Maximize distinct values after unique ± offsets

Problem

You are given an integer array a of length n and a non-negative integer k.

For each index i, you must choose:

• an integer offset d_i such that 0 <= d_i <= k , and
• a sign, either + or - ,

and replace a[i] with a[i] + d_i or a[i] - d_i.

Constraint: All chosen offsets must be distinct across indices (i.e., d_i != d_j for i != j).

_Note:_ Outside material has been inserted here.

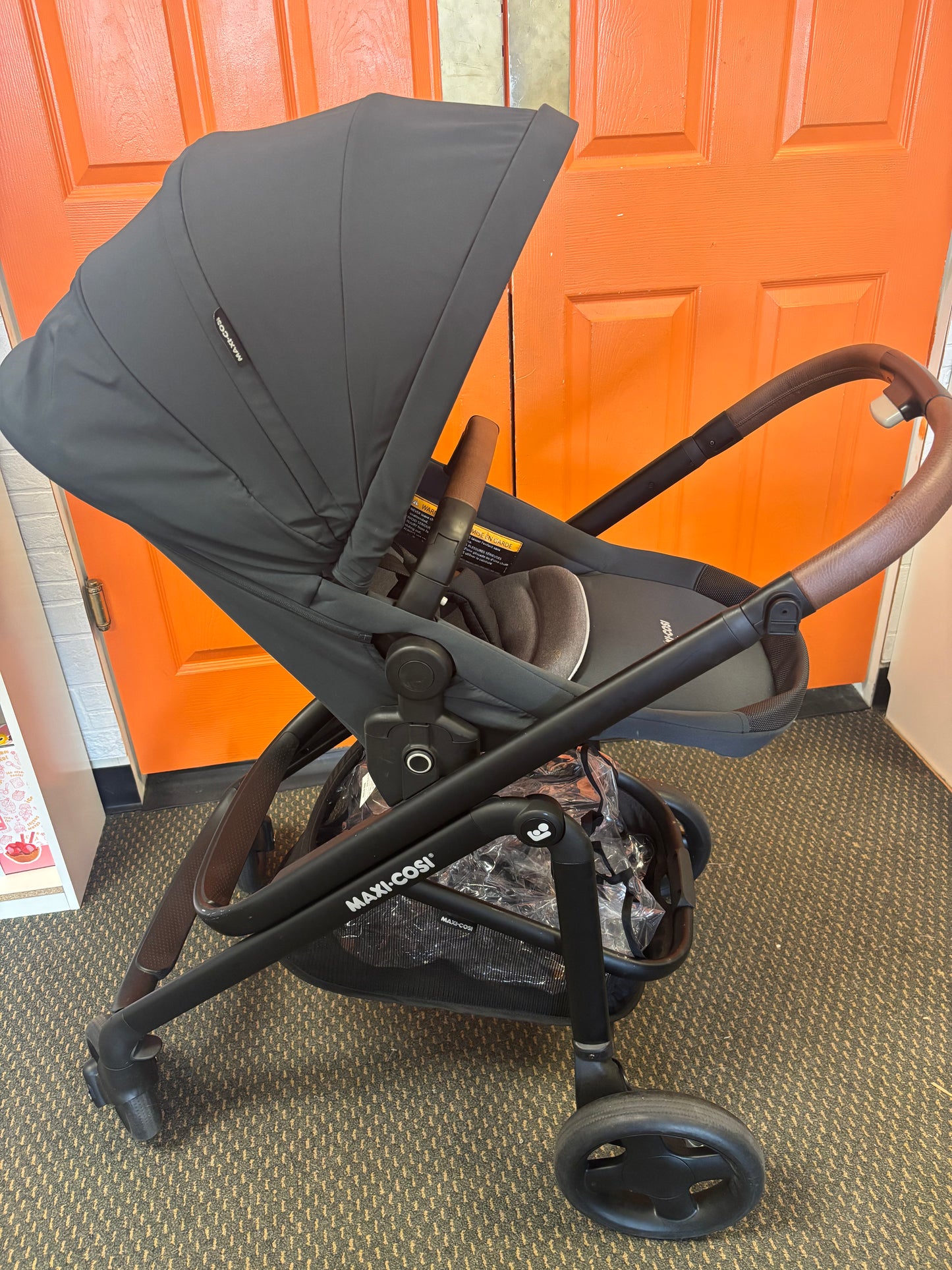 Maxi Cosi TAYLA Stroller w rain cover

Your goal is to maximize the number of distinct integers in the resulting array after all replacements.

Return that maximum possible number of distinct values.

Example

• Input: a = [0, 0, 0] , k = 1
• Output: 3
• Explanation: Choose offsets 0, 1 (but offsets must be distinct, so for 3 elements we can use d = 0, 1 only if k=1 ; instead, one valid construction is to allow d to be chosen per element distinctly within [0,k] —for this example, a maximal distinct outcome is [-1, 0, 1] by applying -1, 0, +1 to the three zeros.

Notes / Clarifications

• Offsets are integers.
• Offset 0 is allowed.
• The sign choice is independent per element.

Constraints (typical interview setting)

• 1 <= n <= 2 * 10^5
• 0 <= k <= 10^9
• -10^9 <= a[i] <= 10^9

Implement a function that returns the maximum possible number of distinct values.